ここ愛知県江南市にある久昌寺は、のどかな住宅街の中に、その静かな佇まいを見せています。1566(永禄9)年に再建されたといわれ、400年以上の歴史を持つ由緒ある寺なのですが、老朽化のために維持することが難しく、2022(令和4)年4月15日より取り壊され、市の公園となることが決定しています。

江南市は愛知県の北部。名古屋駅から名鉄で北に30分ほどの場所です。


江南市に建つ久昌寺(2022年1月時点)

久昌寺に眠る「久菴桂昌大禅定尼」という女性

織田信長には正室とされた濃姫の他、11人以上の側室がいたと伝えられています。その中で、織田信長の嫡男・信忠、信雄、徳姫(五徳)と、3人の子どもを生んだのが久菴桂昌。彼女こそが信長が最も愛した女性として伝えられています。

この時代、女性たちの正式な名前や、その人生が語られることはほとんどありません。そのため、私たちは江戸時代などに書かれた物語を通して、女性たちの人生を垣間見るに過ぎないのです。しかし、わずかながら、史実を手繰り寄せ、その女性たちに近づけることがあります。

歴史が大の苦手な私ですが、地元、小牧山城に信長が彼女と暮らしたという記録が残されていると知り、彼女の末裔である生駒英夫(いこまひでお)さんに突撃取材しました。

末裔が今もいらっしゃる! すご!!

生駒家につたわる『門葉諸伝記』や『久昌寺縁起』で知る新たな史実

自分の家にも家譜があったら見てみたいと思う人は多いでしょう。思わぬところから歴史の入り口に立ち、遠いと思っていた歴史の1ページが現在につながることがあります。生駒英夫さんも、母方の生駒家に伝わる『門葉諸伝記』や『久昌寺縁起』など多くの史料をはじめ石碑などを護るため、生駒家の養子となり、40歳の時に19代目を受け継いだのだそうです。

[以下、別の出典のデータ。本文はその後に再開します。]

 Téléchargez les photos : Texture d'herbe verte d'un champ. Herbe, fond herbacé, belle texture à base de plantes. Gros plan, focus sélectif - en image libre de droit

生駒さんも、織田信長をはじめ、歴史上の人物だと思っていた豊臣秀吉、徳川家康ともつながる「久菴桂昌大禅定尼」の詳細を知るにつれ、その重みを感じるようになったのだとか。史実を知ってもらうため、サラリーマンをしながら、講演会などの活動を続けています。

すごい情熱。


巻物を広げながら、生駒家の歴史を語る19代目生駒英夫さん

久昌寺の成り立ちが示す織田家との関係

久昌寺は、臨済宗の龍徳寺として建立された寺でしたが、久菴桂昌の兄の生駒家長が織田信長からの命を受け、彼女を弔うために改修し、再建したと伝えられています。もともと、生駒家の菩提寺は愛知県江南市八反畑に現存する『般若寺』であったと推測されています。理由は、『魔物を斬った五輪丸(刀)の伝説』、生駒家の発祥の地である『奈良県生駒山の薬師像を模して造られた薬師像』が般若寺にあり、生駒家の古い痕跡は般若寺によるものだからです。織田信長が久菴桂昌のために再建させ、戒名「久菴桂昌大禅定尼」から名を取って久昌寺とした寺を生駒家の菩提寺に移したことに、織田信長の影響力の大きさを感じます。また、久昌寺は曹洞宗であることから、生駒家は万松寺と同じ宗派へと改宗したとも考えられます

生駒家に伝わる『門葉諸伝記』には、

信長の妻が亡くなったため、織田信長の家臣であった久菴の兄(義兄)である生駒家長(いこまいえなが)に、信長の父、織田信秀が建てたとされる大須万松寺と同じ曹洞宗のお寺として設立する旨、依頼があり建てたもの

と記されているそうです。万松寺といえば、信長が父である織田信秀の葬儀の際に、位牌に焼香を叩きつけたと伝えられる寺です。自分の父と同じ宗派の寺に再建した信長の思いとは、最愛の人を正室に近い形で葬りたかったのではないでしょうか。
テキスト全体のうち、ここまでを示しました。